__ABOUT THIS EXERCISE__
For the listing below, the answer is an exact retyping of the lines from the one with "Signed Etching? Of Man Playing Violin" through the one with "1boy 2021 anus", both included, without pictures.

○ ○ ○

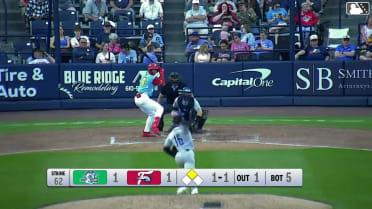 Bryan Rincon doubles (10) on a line drive to right fielder Benny Montgomery. Riley Tirotta scores.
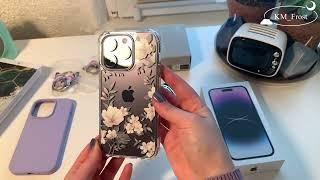 iPhone 14 pro deep Purple unboxing+ aesthetic accessories/ Jabra Elite 3 Earbuds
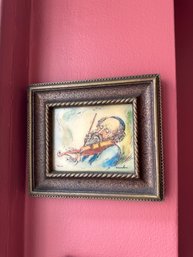 Signed Etching? Of Man Playing Violin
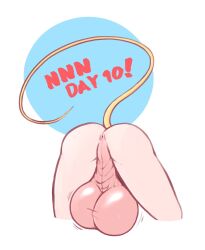 1boy 2021 anus ass ass_focus back back_view backsack balls blonde_hair femboy finley_(sirlewds) huge_balls humanoid hung_trap light-skinned_femboy light-skinned_male light_skin male male_only mouse_boy mouse_ears mouse_humanoid mouse_tail no_nut_november nude orange_hair perineum sirlewds solo taint text top-down_bottom-up two_tone_hair uncensored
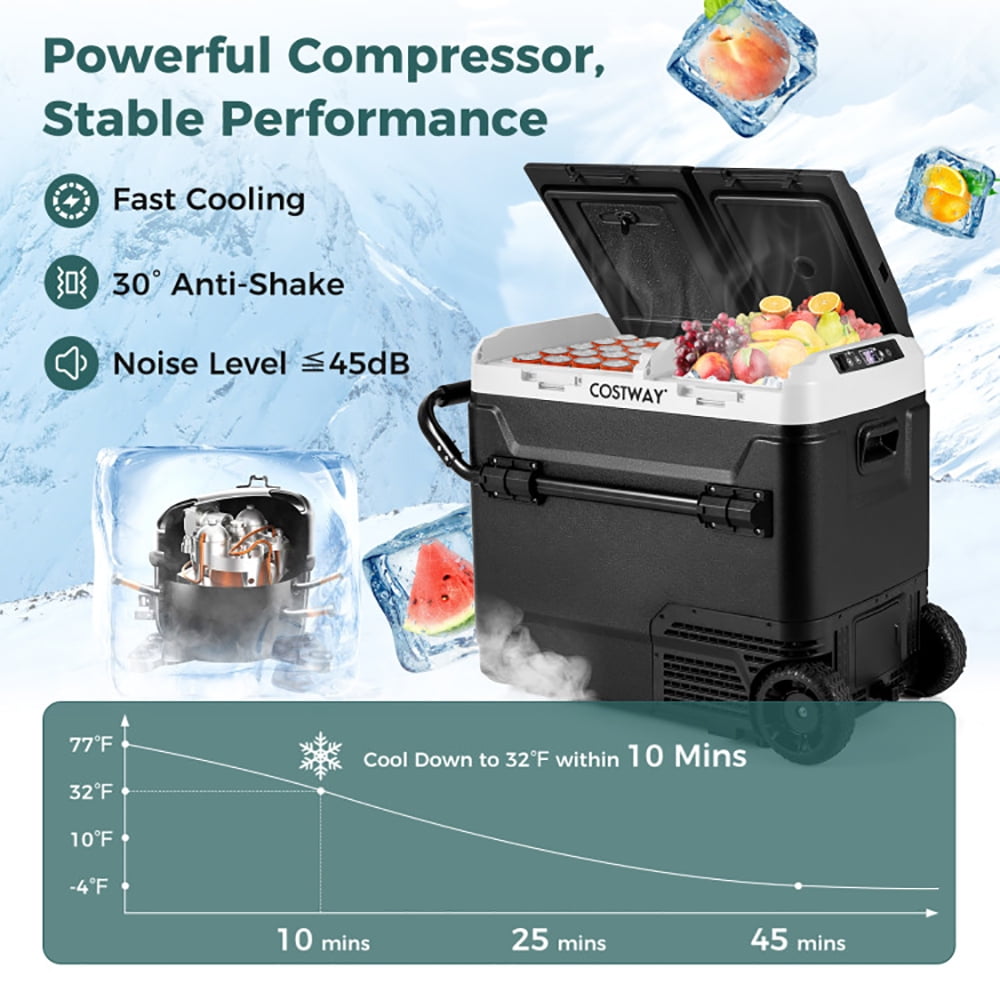 Aimee Lii 64QT Portable Compressor Fridge Freezer for Vehicles Camping Travel Truck, Portable Water Cooler, Black Aimee Lii 64QT Portable Compressor Fridge Freezer for Vehicles Camping Travel Truck, Portable Water Cooler, Black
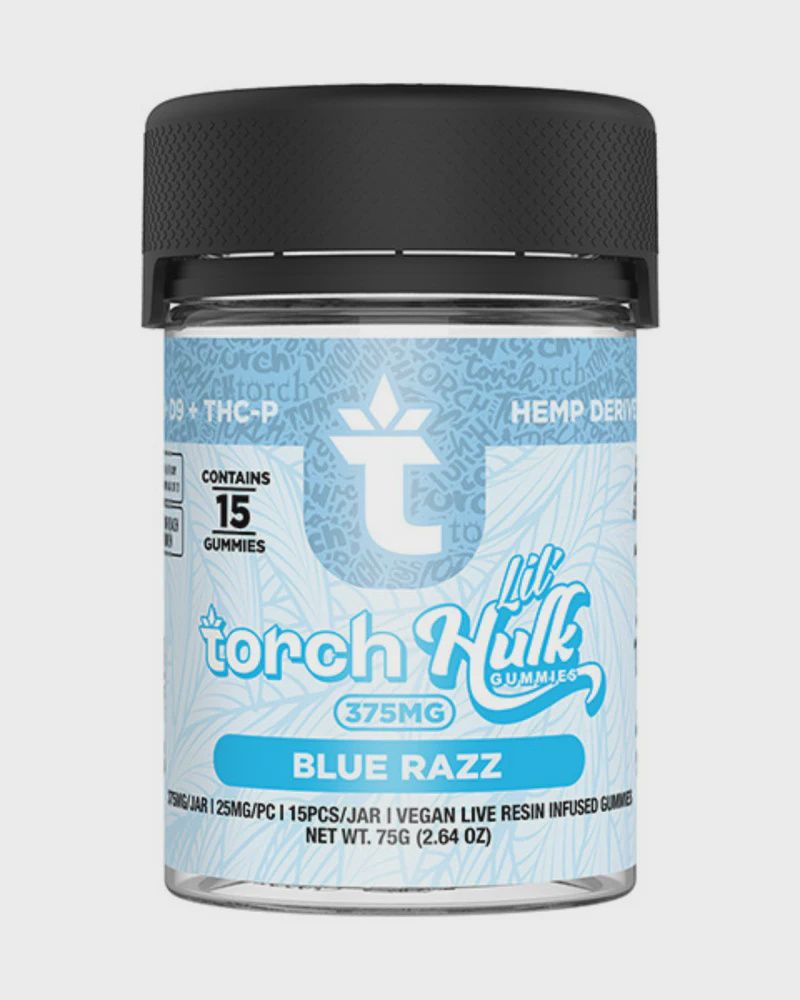 Torch Lil Hulk Gummies 375mg - 15ct, Flavor: Blue Razz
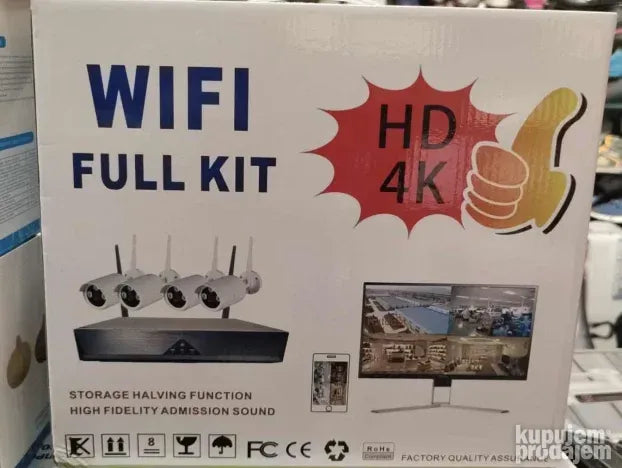 VIDEO nadzor - Bežični WiFi full kit HD 4K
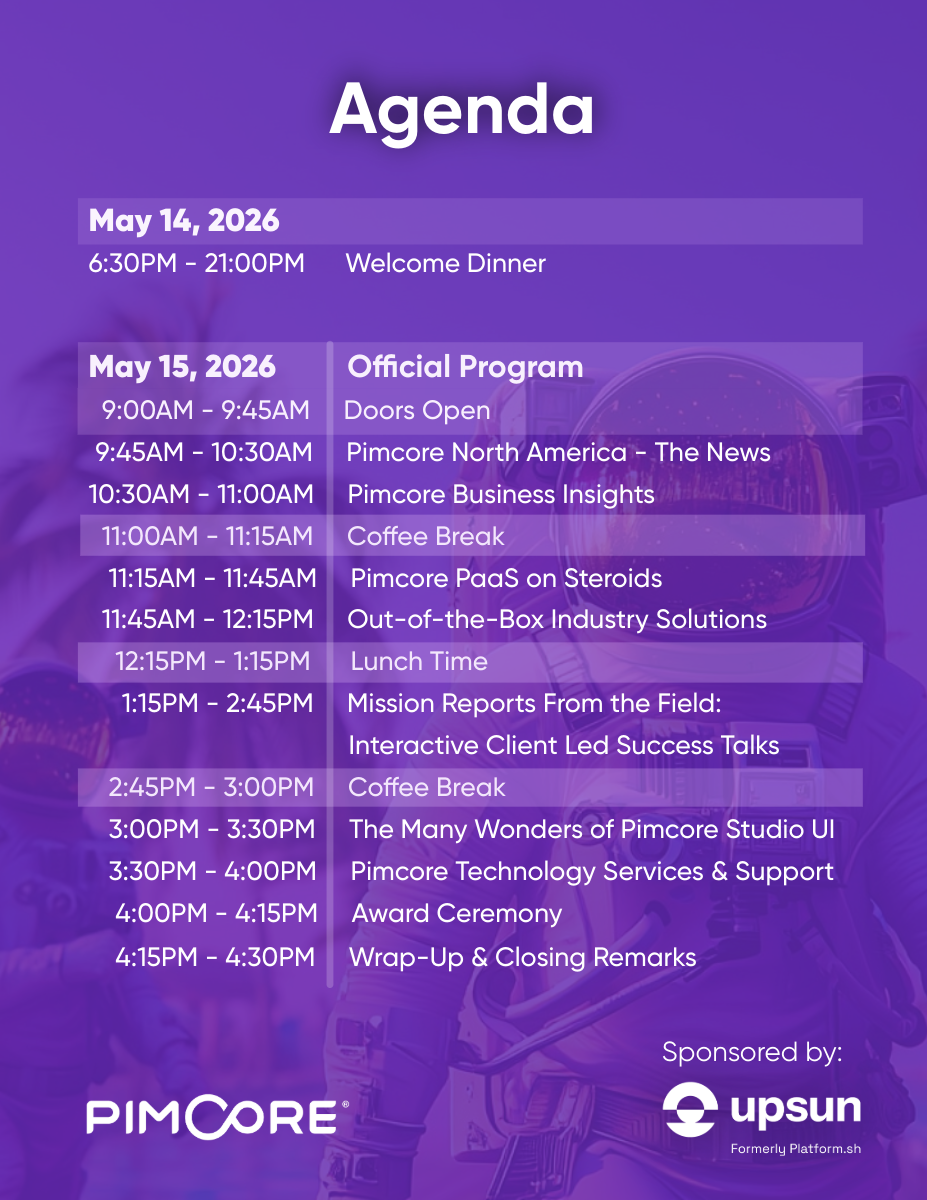 Pimcore Summit USA 2026 - agenda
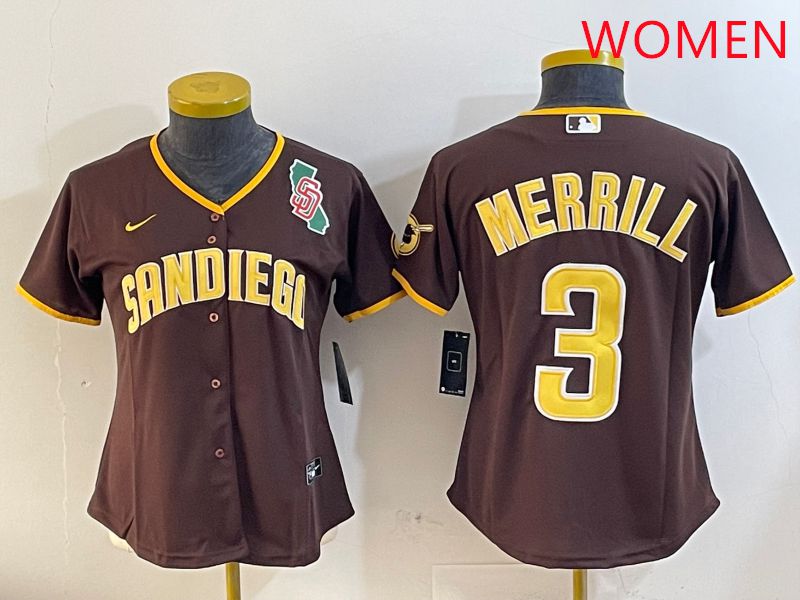 Women San Diego Padres #3 Merrill Brown Game 2025 Nike MLB Jersey style 1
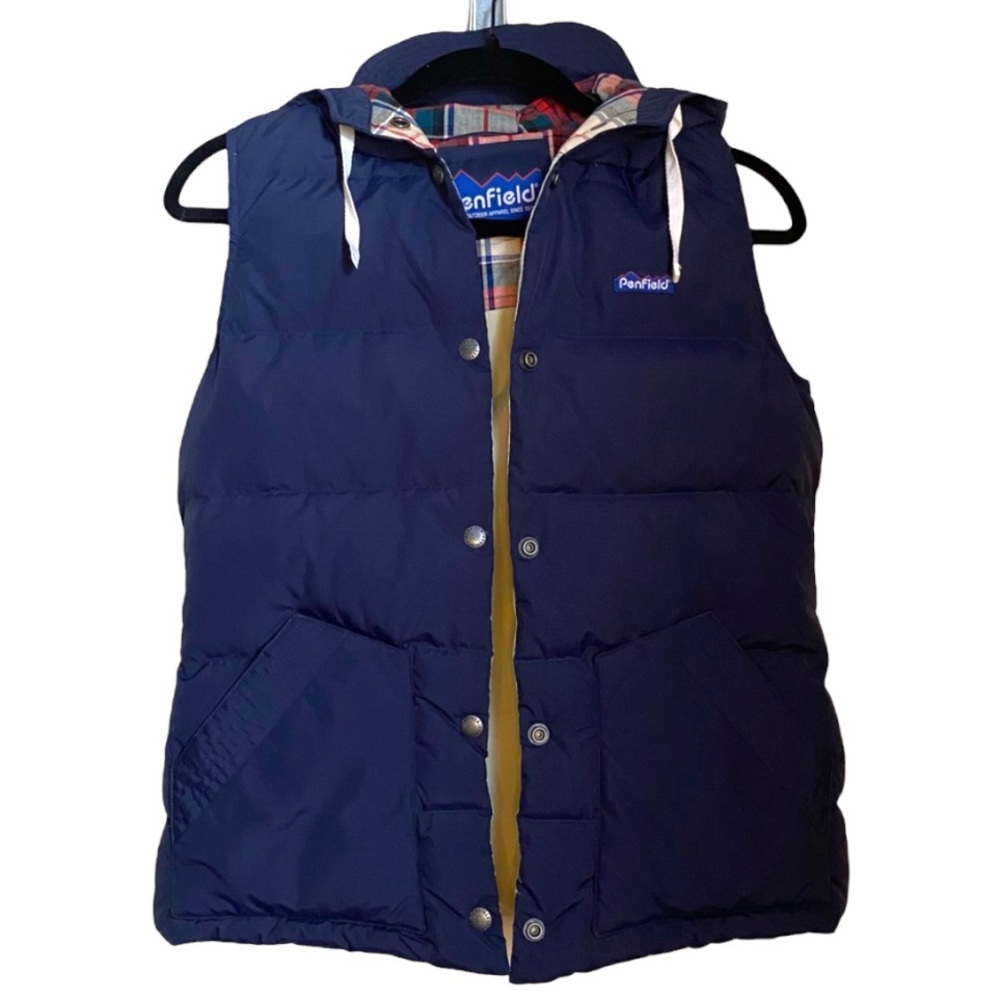Penfield blue puffer vest with hood, down and feather filler, size small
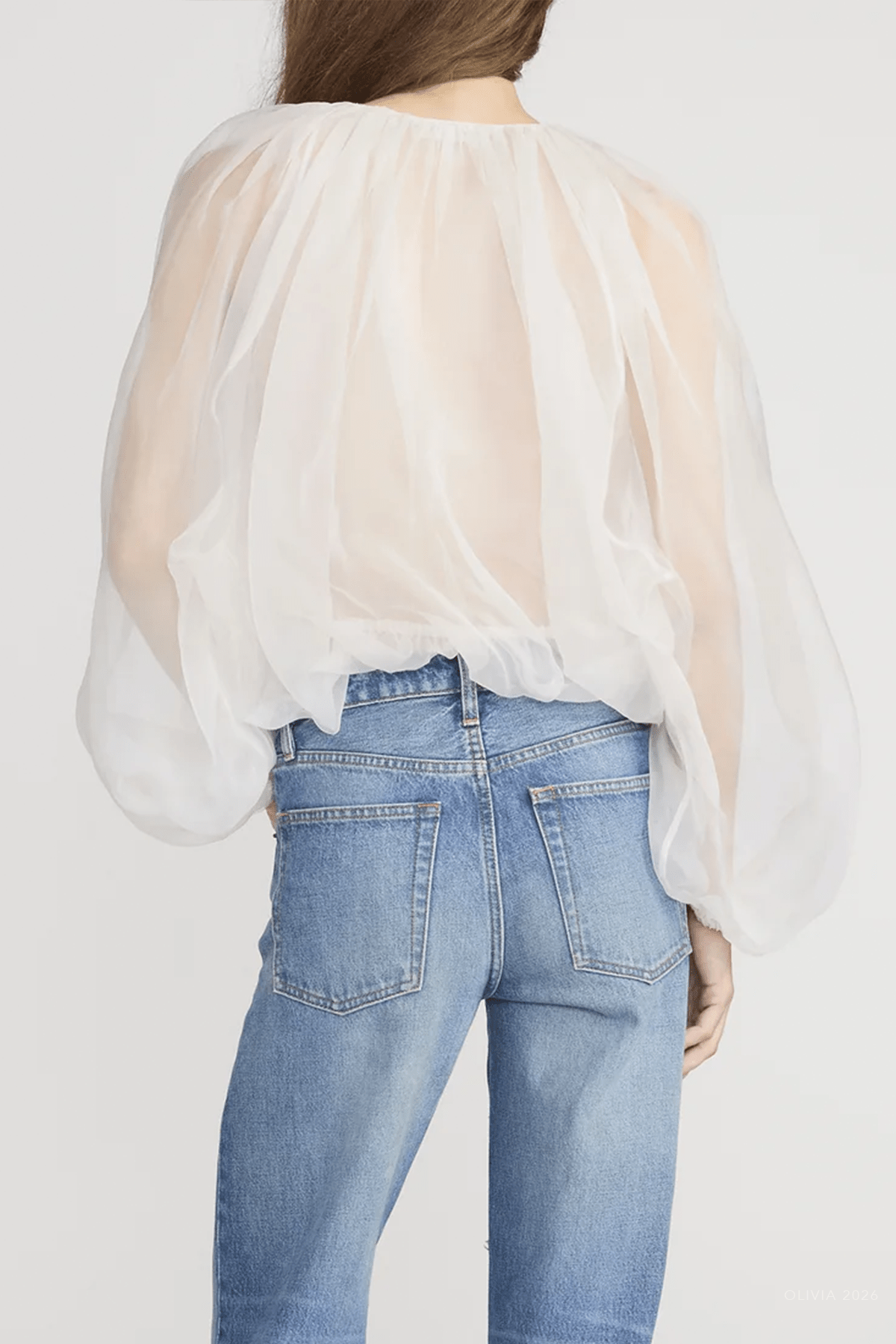 The Sheer Balloon Blouse in Cream - shop - olivia.com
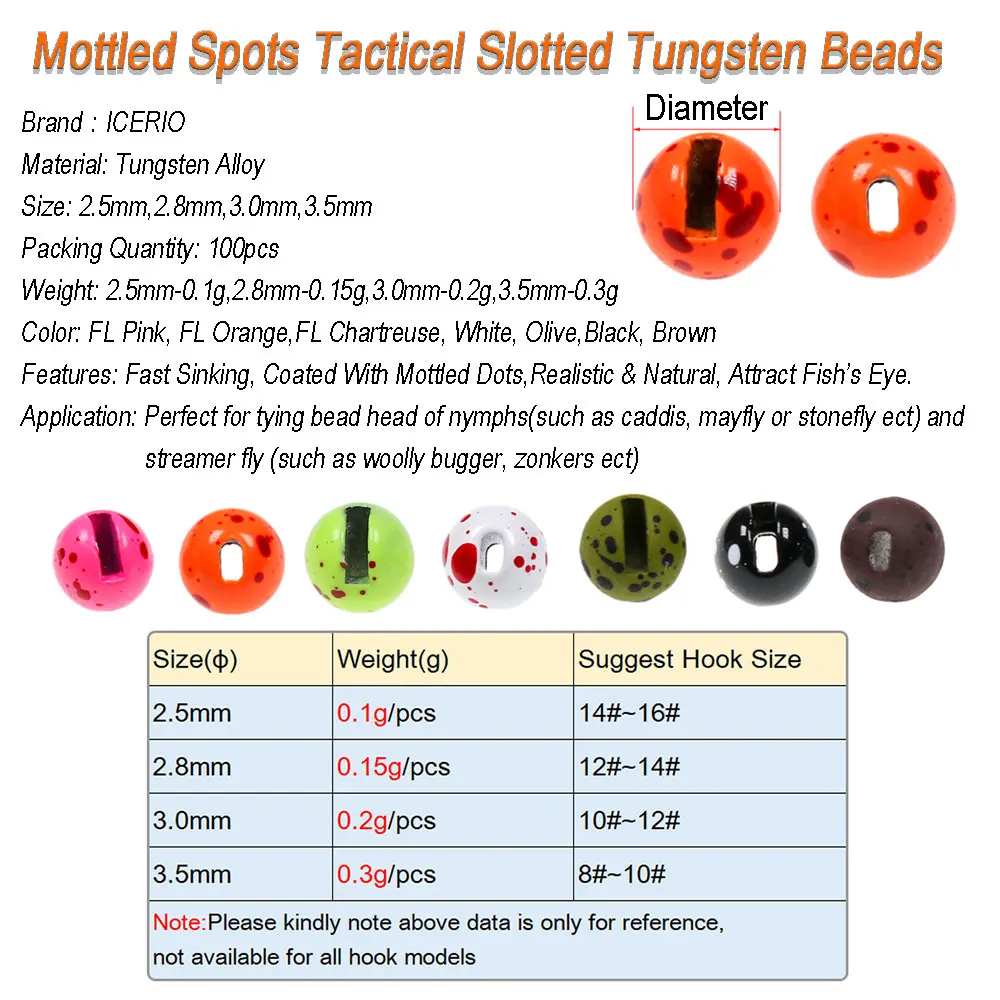 ICERIO-Cuentas de tungsteno para pesca, 100 piezas, cabeza plomada, serpentinas de Ninfa, Material de atado de moscas de Caddis - imagen 2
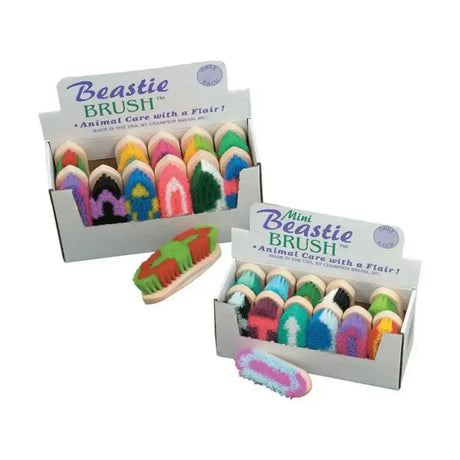 Colorful soft-bristled beastie dandy brush pet grooming tools with natural wood handles in a dandy brush bulk buy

○ ○ ○

__WRITTEN ANSWER__
 Signed Etching? Of Man Playing Violin
 1boy 2021 anus ass ass_focus back back_view backsack balls blonde_hair femboy finley_(sirlewds) huge_balls humanoid hung_trap light-skinned_femboy light-skinned_male light_skin male male_only mouse_boy mouse_ears mouse_humanoid mouse_tail no_nut_november nude orange_hair perineum sirlewds solo taint text top-down_bottom-up two_tone_hair uncensored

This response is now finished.